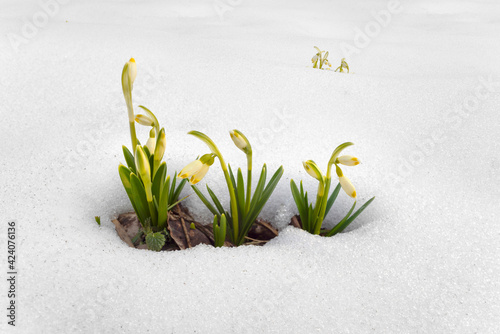 Snowdrops in the snow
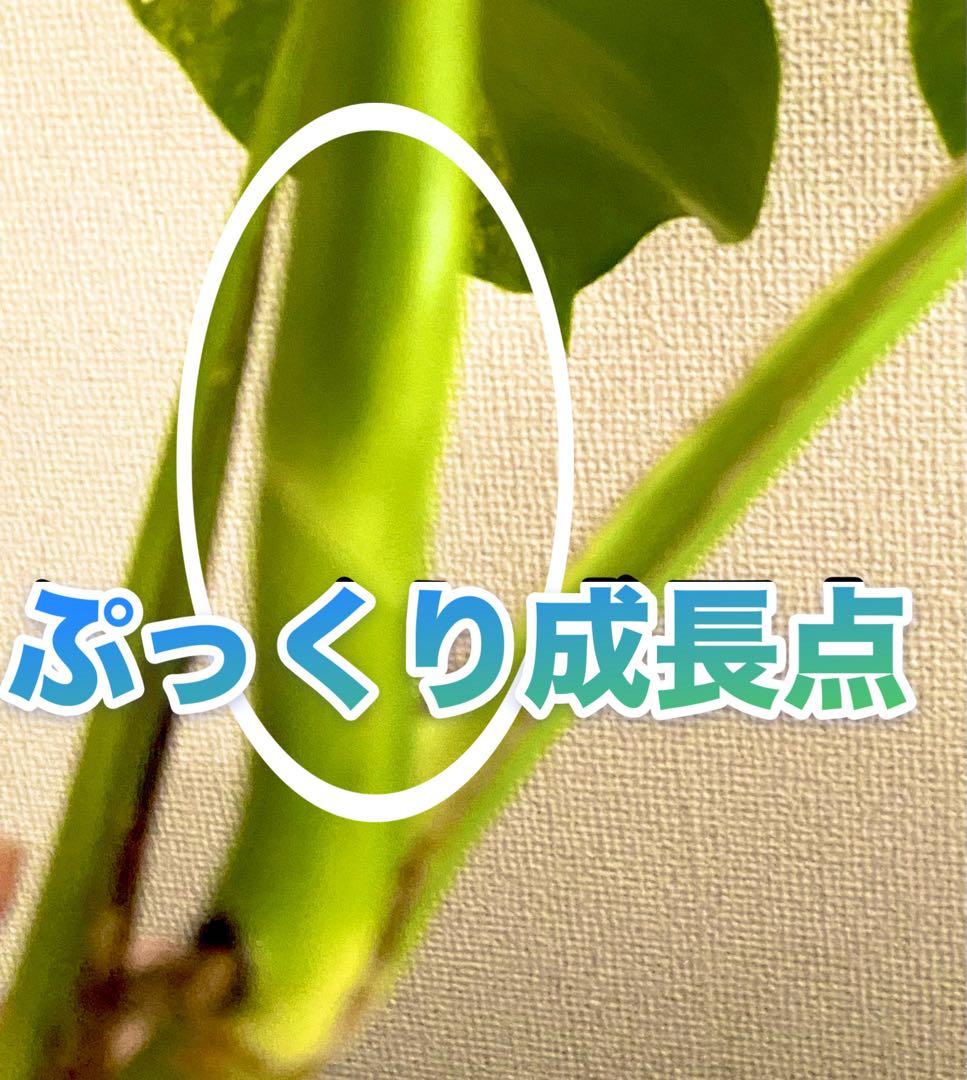 3葉／発根済／脇芽・新芽／セブブルーミント／イエローマリリン モンステラ 班入②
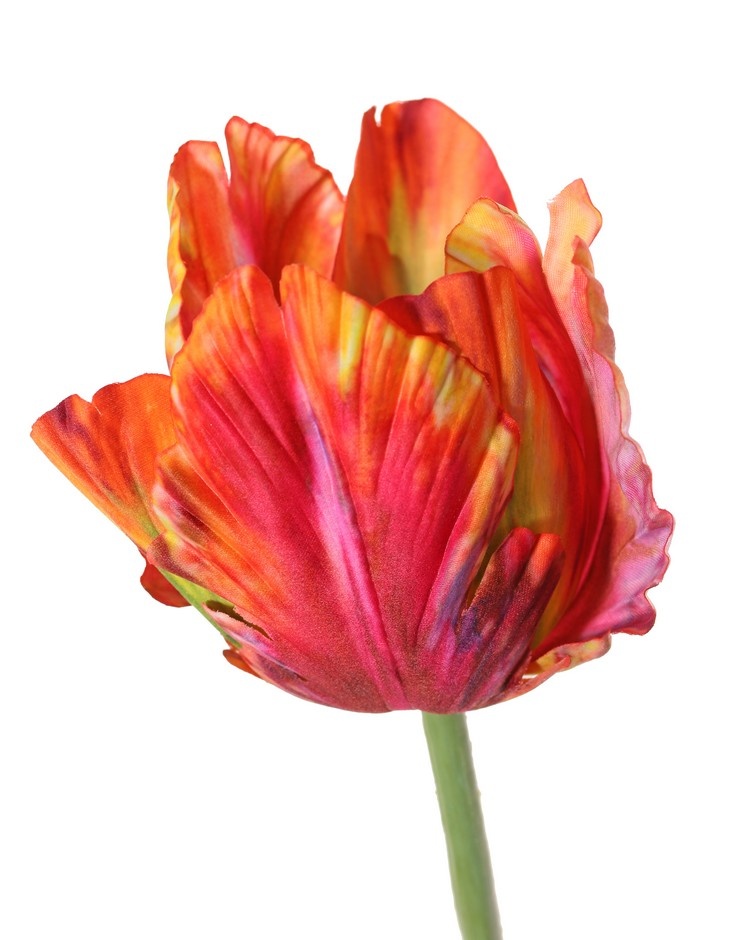 Tulip (Tulipa) parrot 'Garden Art', Ø 6 cm, h: 8,5 cm, with 2 leaves (feel real) 21 x 7,5 cm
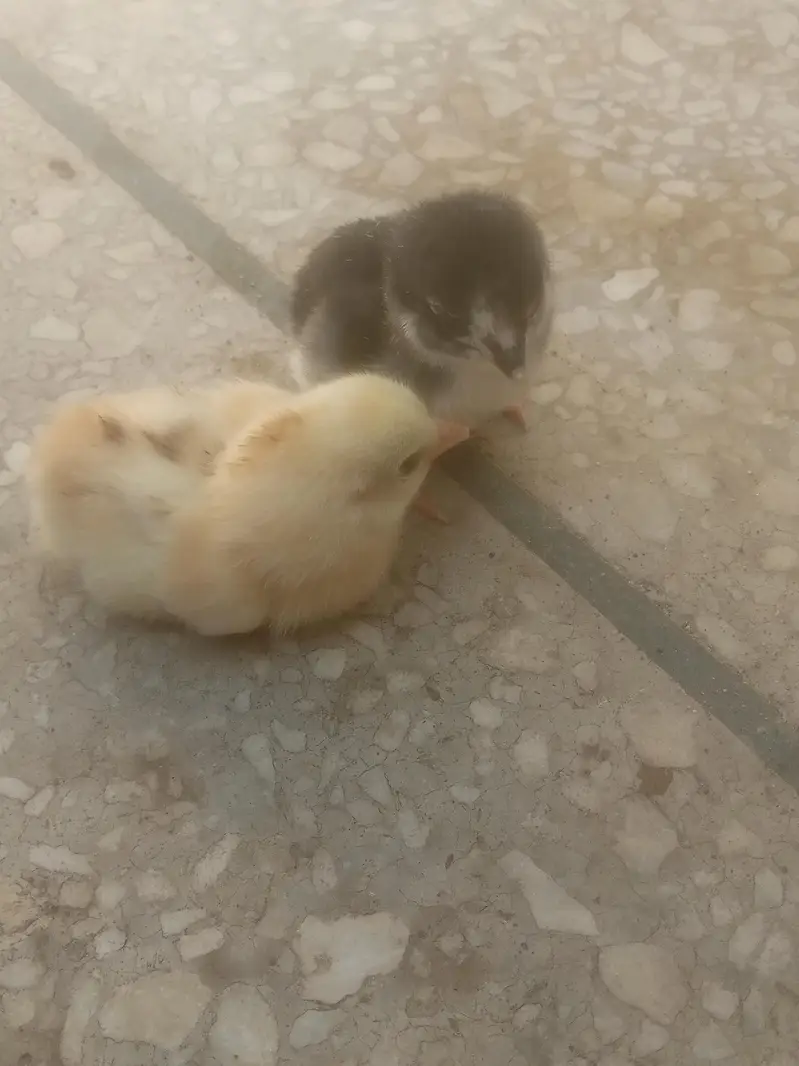 high quality aseel chicks  . asel pathy. hen con 0/3/1/3/5/4/1/5/6/7/6 — photo 6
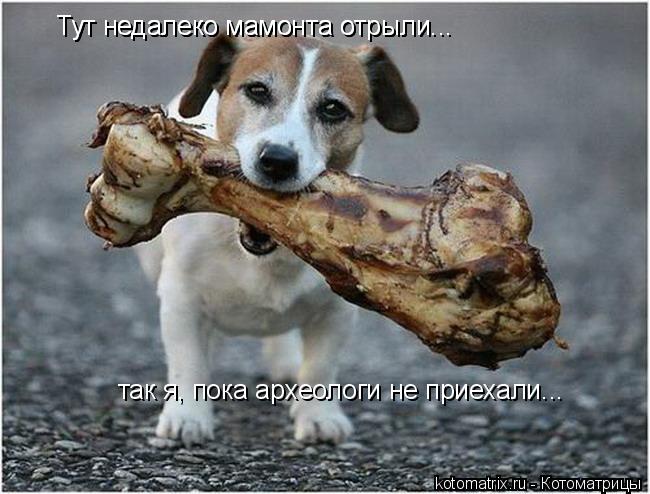 Котоматрица: Тут недалеко мамонта отрыли... Тут недалеко мамонта отрыли... так я, пока археологи не приехали...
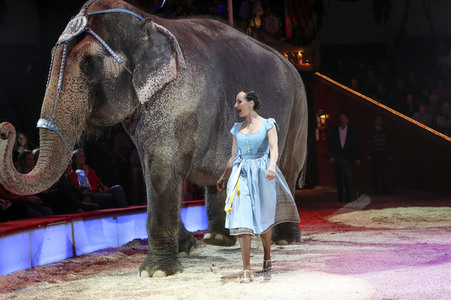 Premiere 3. Winterprogramm 2019 Circus Krone in München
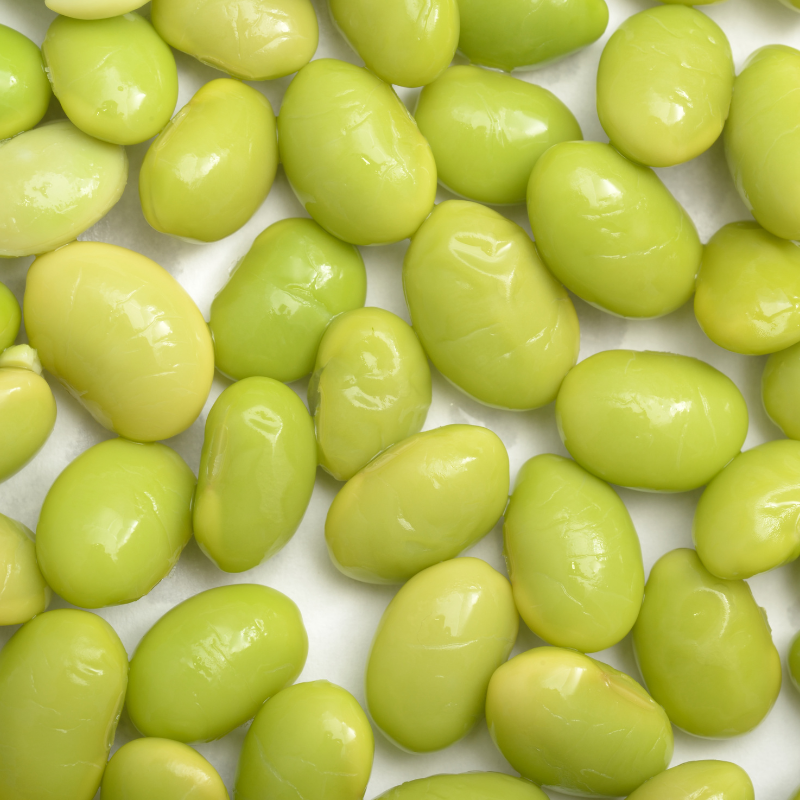 Glycine max (Edamame, Soy Beans) - 10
____________________
## What the task asks
Retype, exactly as written, each line from the one containing "3葉／発根済／脇芽・新芽／セブブルーミント／イエローマリリン モンステラ 班入②" through the end of the data above, and leave out every picture.

## Task output
 3葉／発根済／脇芽・新芽／セブブルーミント／イエローマリリン モンステラ 班入②
 Tulip (Tulipa) parrot 'Garden Art', Ø 6 cm, h: 8,5 cm, with 2 leaves (feel real) 21 x 7,5 cm
 high quality aseel chicks  . asel pathy. hen con 0/3/1/3/5/4/1/5/6/7/6 — photo 6
 Котоматрица: Тут недалеко мамонта отрыли... Тут недалеко мамонта отрыли... так я, пока археологи не приехали...
 Premiere 3. Winterprogramm 2019 Circus Krone in München
 Glycine max (Edamame, Soy Beans) - 10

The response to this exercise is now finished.